Per seguire e comprendere questo discorso bisogna tenere conto di un concetto ben preciso: i personaggi Disney, chi più chi meno, possiedono personalità sfaccettate e particolari che, se rispettate, offrono un ottimo materiale di partenza per le avventure di cui son protagonisti. Certo, sono al tempo stesso anche archetipi di varie inclinazioni umane, ma se queste caratteristiche vengono appiattite rendendole logori stereotipi, allora si sta procedendo nella direzione sbagliata. Questi personaggi sono vivi e vitali: hanno caratteristiche credibili, in cui ci si può immedesimare, sono specchio della società in cui viviamo e come tali non possono e non devono limitarsi a vivere avventure in cui ogni volta mettono in campo sempre e solo la loro peculiarità principale. Così facendo avremmo solo delle vuote maschere che recitano un copione insapore. Approfondimenti e variazioni sul tema sono più che benvenute quindi, ma bisogna stare attenti a non cadere nell’errore opposto, puntando su inversioni di ruolo, e stravolgimenti vari, che finiscono per essere ancor più deleteri per la credibilità dei personaggi.

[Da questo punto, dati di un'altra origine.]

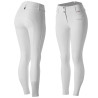 Pantalon fond peau silicone Tiffany B Vertigo femme - Blanc brillant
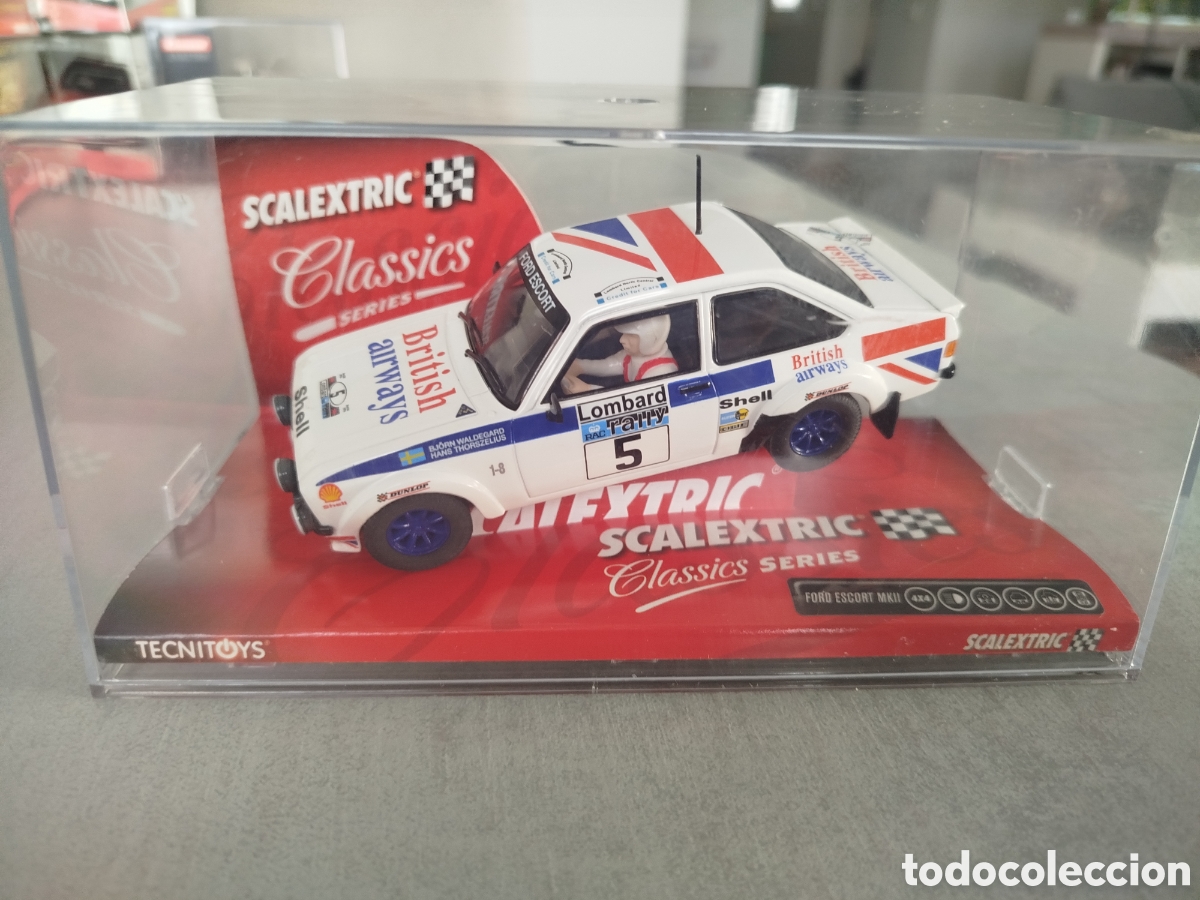 Scalextric: Ford escort MKII British Airways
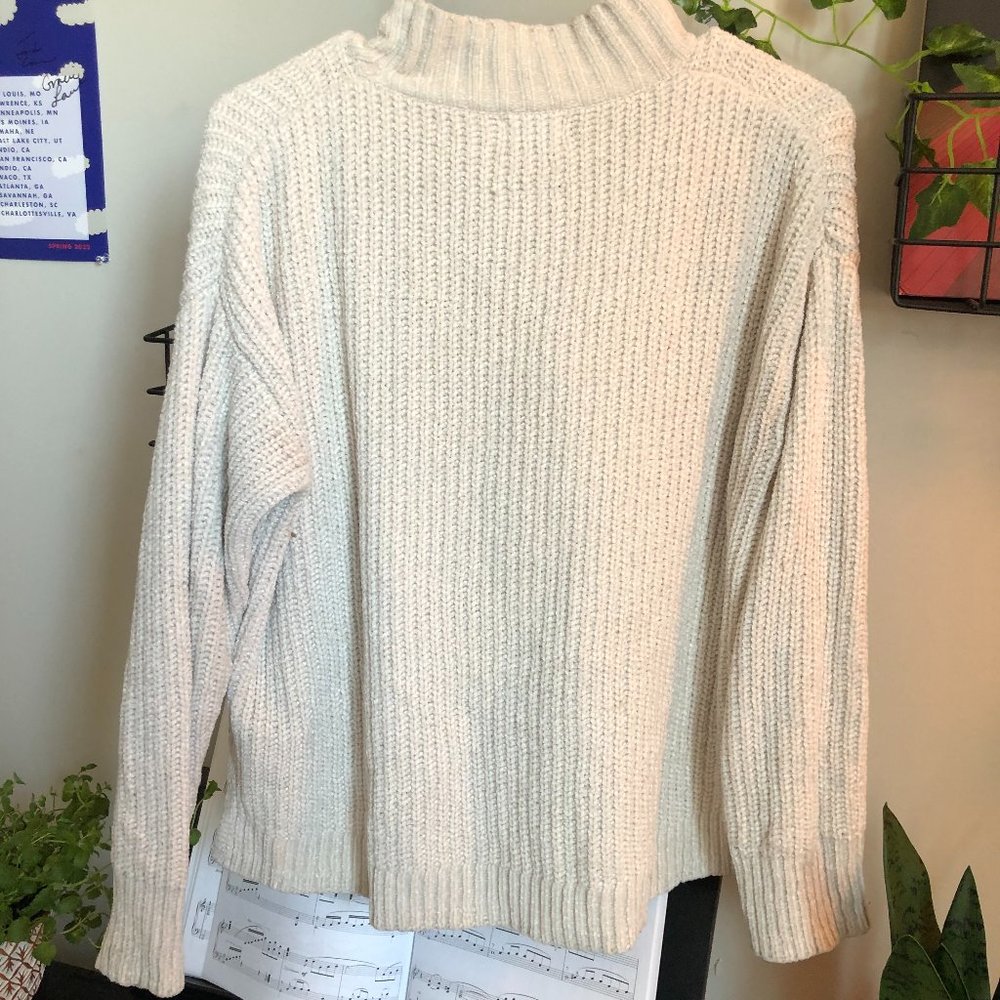 Soft Cream Sweater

Uno dei terreni di gioco più rischiosi è senza dubbio quello delle storie brevi, che troppo spesso vengono considerate “riempitive”. È bene ricordare che nello scorso decennio si è abusato di una formula ibrida per le storie del settimanale: sono state molte le storie di media lunghezza che, cercando di unire le caratteristiche delle due tipologie, si sono trovate ad essere né carne né pesce. La gestione degli ultimi anni sta dimostrando invece che concepire in modo radicalmente diverso le lunghe e le brevi, polarizzandone la durata e dando alle seconde il respiro di un cortometraggio umoristico, può essere la strada giusta per fornire al lettore un menù bilanciato e diversificato. Umoristico però può significare tante cose, dal frizzante slapstick muto di Enrico Faccini alla commedia di stampo quotidiano più in stile Lupo Alberto. È in questa seconda casistica che si ha l’occasione di delineare al meglio i caratteri dei personaggi, immergendoli in situazioni di tutti i giorni e mostrando come si comportano in questo contesto, analizzandone la psicologia da un nuovo punto di vista. Per questo le brevi richiedono un’abilità e una sensibilità particolari, nell’ambito della produzione disneyana a fumetti, o il rischio di sbagliare il personaggio è dietro l’angolo. Non bisogna mai dimenticare poi cheil fine ultimo di una breve è quello di strappare davvero una risata al lettore, ma, per ottenere questo risultato, la storia in questione deve rifuggire quelle situazioni trite e ritrite, che si rifanno ad una comicità poco attuale, e puntare piuttosto sulle situazioni tipiche dell’uomo comune nella sua normalità, andando ad analizzare con sguardo ironico la realtà che ci circonda, filtrata dai characters disneyani.
Una maggiore attenzione alle storie brevi, e all’uso dei personaggi che ben si può osservare in questo tipo di avventure, potrebbe portare probabilmente al completamento più pieno della rinascita del fumetto Disney italiano che dalla seconda metà dello scorso decennio ha già avuto modo di dare i suoi frutti e che ha trovato un risultato invidiabile nel recente n. 3000. Risultato che però deve essere uno stimolo a continuare sulla giusta strada, magari focalizzandosi proprio su quanto fin qui espresso. La nuova stagione che si apre oggi con l’avvento di Panini Comics come licenziataria dei diritti per le testate da edicola è una nuova, importante occasione per riflettere su questo approccio.